# Help..Setting up Rome 390 Boss Bindings



## phony_stark (Jul 2, 2011)

Waiting for some rome pros to come in and help you out, but it looks pretty centered on the boot to me. You may wanna push the heel hoop in and bump out the toe ramp a little more to offset. The boot will still be centered abd your toestrap wont be maxed (it actually looks pretty good to me).

The one thing that's a little weird, and I haven't ridden romes in a year, but your ankle strap, if that's cranked down, needs to be adjusted. 

There are a LOT of teeth showing on that ladder.

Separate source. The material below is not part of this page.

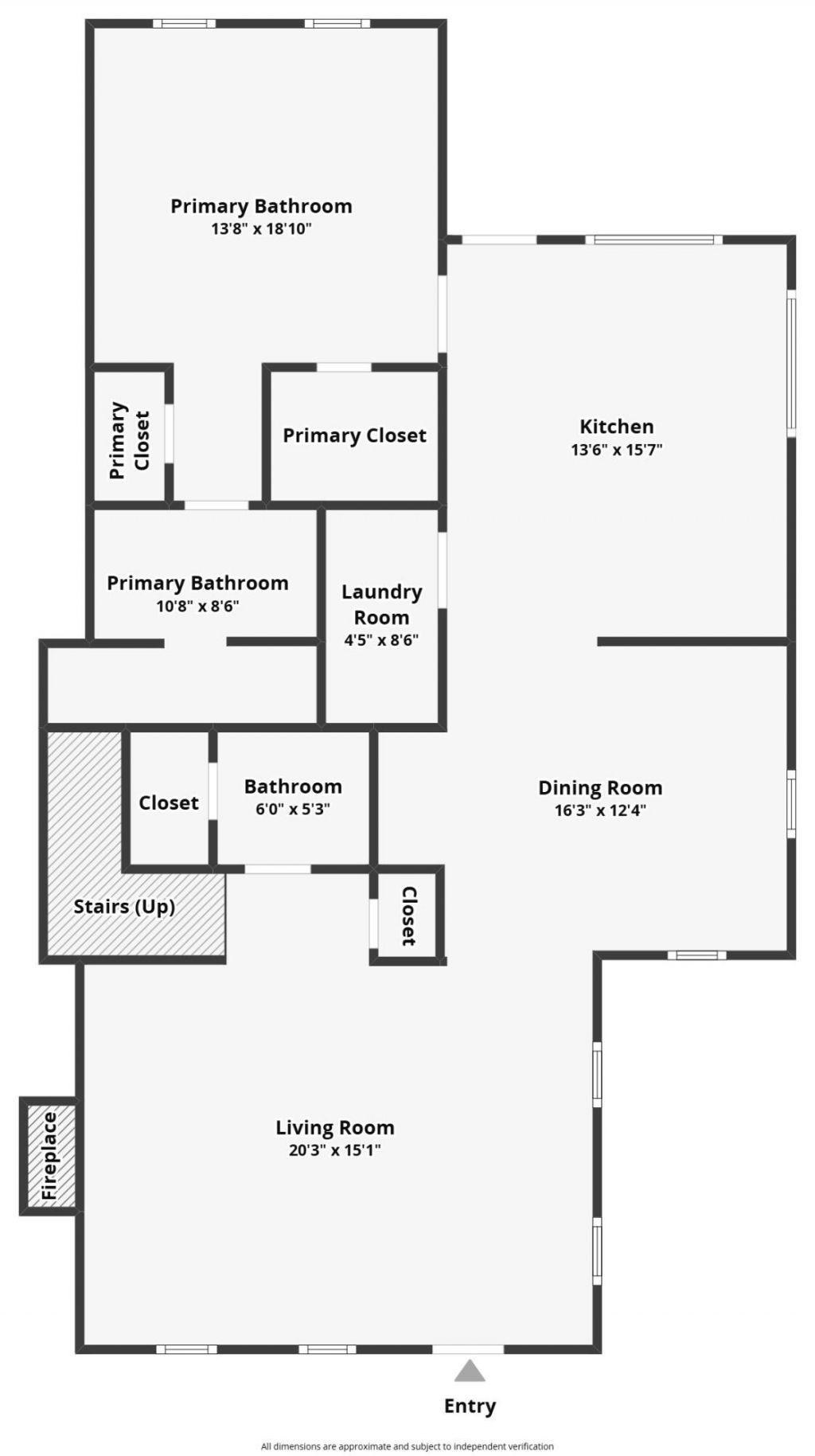 3429 Acorn Drop Lane Photo 44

Someone correct me if I'm wrong.


----------



## EatMyTracers (Sep 26, 2012)

If you are wondering if you can make you boots fit better somehow, then there is a good chance you can't. I had the same problem and just ended up returning mine for flux dmcc lights.


----------



## Supra (Jan 11, 2012)

okay, number 1, put your foot in your boot first. It won't change much for the toe strap but will for the ankle strap (since you will tighten the boot down).
Next, your toe strap seems fine. on the ladder it seems cranked down fine. Your boot is on the large end of the scale so you have to max the strap out. It looks fine to me.
Your ankle strap seems too small though. I hope you can push it out a few adjustment holes more. Get it so the ratchet buckles down to the same length of ladder showing as the toe strap pictured.


----------



## phony_stark (Jul 2, 2011)

Whoops, I thought his foot was in the boot.


----------



## BurtonAvenger (Aug 14, 2007)

Looks more like you need to just center the toe/heel ramp than anything else.


----------